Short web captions
++++++++++

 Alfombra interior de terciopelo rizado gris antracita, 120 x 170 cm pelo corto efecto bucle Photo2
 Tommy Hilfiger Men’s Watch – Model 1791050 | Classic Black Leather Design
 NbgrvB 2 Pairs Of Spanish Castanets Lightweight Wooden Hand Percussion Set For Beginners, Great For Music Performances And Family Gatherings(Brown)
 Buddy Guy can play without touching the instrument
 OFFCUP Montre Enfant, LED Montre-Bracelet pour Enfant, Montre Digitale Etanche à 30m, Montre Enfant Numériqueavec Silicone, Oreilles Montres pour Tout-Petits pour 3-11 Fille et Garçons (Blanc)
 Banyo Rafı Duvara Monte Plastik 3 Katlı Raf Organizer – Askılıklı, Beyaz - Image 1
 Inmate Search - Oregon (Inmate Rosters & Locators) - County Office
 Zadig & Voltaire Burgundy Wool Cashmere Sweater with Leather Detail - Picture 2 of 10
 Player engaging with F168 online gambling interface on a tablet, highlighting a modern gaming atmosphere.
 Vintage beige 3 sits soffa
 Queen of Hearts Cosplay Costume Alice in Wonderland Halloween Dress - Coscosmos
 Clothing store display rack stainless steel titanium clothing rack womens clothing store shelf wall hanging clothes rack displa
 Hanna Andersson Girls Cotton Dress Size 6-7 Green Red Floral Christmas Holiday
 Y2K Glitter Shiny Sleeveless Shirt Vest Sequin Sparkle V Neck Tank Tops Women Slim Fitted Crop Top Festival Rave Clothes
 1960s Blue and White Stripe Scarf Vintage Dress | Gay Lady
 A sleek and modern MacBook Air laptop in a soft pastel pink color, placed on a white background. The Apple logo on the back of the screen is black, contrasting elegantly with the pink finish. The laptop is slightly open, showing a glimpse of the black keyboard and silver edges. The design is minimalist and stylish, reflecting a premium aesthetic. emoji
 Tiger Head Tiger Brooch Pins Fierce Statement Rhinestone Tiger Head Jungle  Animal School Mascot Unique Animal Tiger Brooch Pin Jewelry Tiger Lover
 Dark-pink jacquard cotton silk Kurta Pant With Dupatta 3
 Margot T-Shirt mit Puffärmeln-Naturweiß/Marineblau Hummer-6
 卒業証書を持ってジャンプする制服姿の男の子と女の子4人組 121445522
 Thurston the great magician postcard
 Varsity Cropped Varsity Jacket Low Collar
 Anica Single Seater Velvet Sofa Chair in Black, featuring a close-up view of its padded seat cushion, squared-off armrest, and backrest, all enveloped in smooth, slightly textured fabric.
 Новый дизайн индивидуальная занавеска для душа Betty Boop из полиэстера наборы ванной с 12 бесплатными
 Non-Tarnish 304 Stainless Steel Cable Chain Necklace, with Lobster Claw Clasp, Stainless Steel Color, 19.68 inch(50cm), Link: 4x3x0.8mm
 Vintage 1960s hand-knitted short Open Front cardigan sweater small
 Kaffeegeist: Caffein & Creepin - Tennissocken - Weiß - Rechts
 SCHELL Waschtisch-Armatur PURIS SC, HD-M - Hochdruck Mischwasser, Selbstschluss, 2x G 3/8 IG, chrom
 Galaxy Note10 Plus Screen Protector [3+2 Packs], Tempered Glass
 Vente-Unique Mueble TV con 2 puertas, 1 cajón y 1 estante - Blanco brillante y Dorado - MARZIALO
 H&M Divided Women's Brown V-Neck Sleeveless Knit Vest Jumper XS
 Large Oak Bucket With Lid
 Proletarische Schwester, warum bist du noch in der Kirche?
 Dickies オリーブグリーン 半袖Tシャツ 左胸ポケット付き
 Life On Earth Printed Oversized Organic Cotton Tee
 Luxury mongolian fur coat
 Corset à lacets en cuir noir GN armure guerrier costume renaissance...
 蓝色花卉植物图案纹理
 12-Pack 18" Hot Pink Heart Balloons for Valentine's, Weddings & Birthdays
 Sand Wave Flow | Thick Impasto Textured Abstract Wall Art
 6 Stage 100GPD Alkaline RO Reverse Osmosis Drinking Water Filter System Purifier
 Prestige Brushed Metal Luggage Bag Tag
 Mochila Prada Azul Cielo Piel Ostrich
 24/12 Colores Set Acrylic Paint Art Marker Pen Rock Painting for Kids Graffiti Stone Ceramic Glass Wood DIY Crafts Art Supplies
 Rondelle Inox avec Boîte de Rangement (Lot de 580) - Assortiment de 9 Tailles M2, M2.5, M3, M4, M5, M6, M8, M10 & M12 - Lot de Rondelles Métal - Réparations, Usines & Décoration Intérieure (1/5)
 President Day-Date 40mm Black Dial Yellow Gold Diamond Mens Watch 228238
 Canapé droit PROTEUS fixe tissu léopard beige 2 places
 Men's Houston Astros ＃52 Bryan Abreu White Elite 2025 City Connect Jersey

++++++++++

What the task asks:
What lines in the records above include the string "Glass"? Copy each one.

Completed task:
 Galaxy Note10 Plus Screen Protector [3+2 Packs], Tempered Glass
 24/12 Colores Set Acrylic Paint Art Marker Pen Rock Painting for Kids Graffiti Stone Ceramic Glass Wood DIY Crafts Art Supplies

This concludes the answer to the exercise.